Rendezvous With Yesterday (The Gifted Ones #2)(77)
Michael helped. He remained nearby all day. Beth didn’t know if Robert had ordered him to watch over her or if Michael had volunteered for the duty, but she appreciated his attempts to help her convert modern to medieval slang whenever she slipped, if he understood it. The children were particularly tickled when such happened.

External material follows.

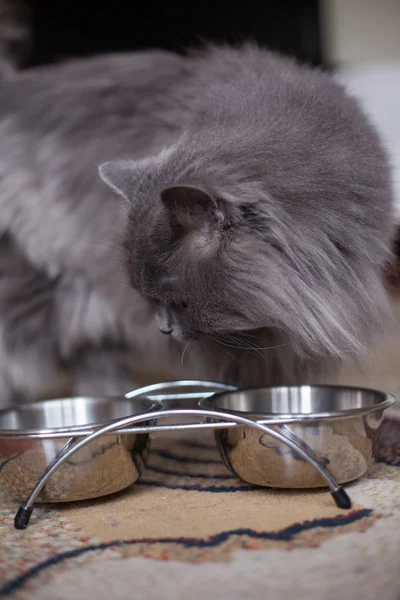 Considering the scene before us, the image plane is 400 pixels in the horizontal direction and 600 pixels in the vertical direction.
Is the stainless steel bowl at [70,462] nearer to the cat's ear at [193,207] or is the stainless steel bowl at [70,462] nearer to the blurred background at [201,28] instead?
the cat's ear at [193,207]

Enlisting their aid in correcting her pronunciation astounded, amused, and eventually made Beth’s helpers warm right up to her. They even shared a few laughs over it.
Most of them did, anyway.
The second group of servants quickly became a problem.
There were only a handful of them, all women around Beth’s age. In appearance, they ranged from average to pretty, tall to short, slender to plump. Vocally they ranged from stonily silent to obnoxiously outspoken. One characteristic they all shared, however, was their resentment of Beth and Robert’s obvious affection for her.
The one Beth quickly came to think of as the leader of the group boasted long, dark blond hair, pale blue eyes, and substantial—if a bit saggy, despite her youth—breasts. Her name was Alice.
According to Michael, the kitchen was a relatively new structure that had been attached to the great hall shortly after Robert took command of Fosterly. The kitchen had formerly been located across the bailey, which made Beth think the inhabitants of the keep must not have had many hot meals if the servants had been forced to lug the food that distance through snow and rain.
Beth considered the kitchen’s being a new addition something of a blessing. She hated to think of the sooty, grimy buildup that would have covered its walls and surfaces if it were as old as the rest of the keep.
Not that it was filthy. It just really needed a good scouring with modern disinfectant cleaners.
Since those were not available, she ordered all supplies and foodstuffs removed to the great hall until the walls, floors, tables, stools, cauldrons, kettles, utensils and everything else the kitchen contained could be scrubbed thoroughly with the harshest soap available. Most of the men, women, and children were busily engaged in doing just that when a spate of harsh, angry whispers sounded behind her.
The room abruptly went silent.
Beth looked up from the sack she had been hesitantly peering into, hoping she wouldn’t find any rodents or insects peering back, and found herself surrounded by an exhibition of statues and statuettes whose eyes regarded her with varying degrees of shock and horror.
“What?” As she glanced at the frozen faces around her, their gazes slid away from hers. “What did I miss?”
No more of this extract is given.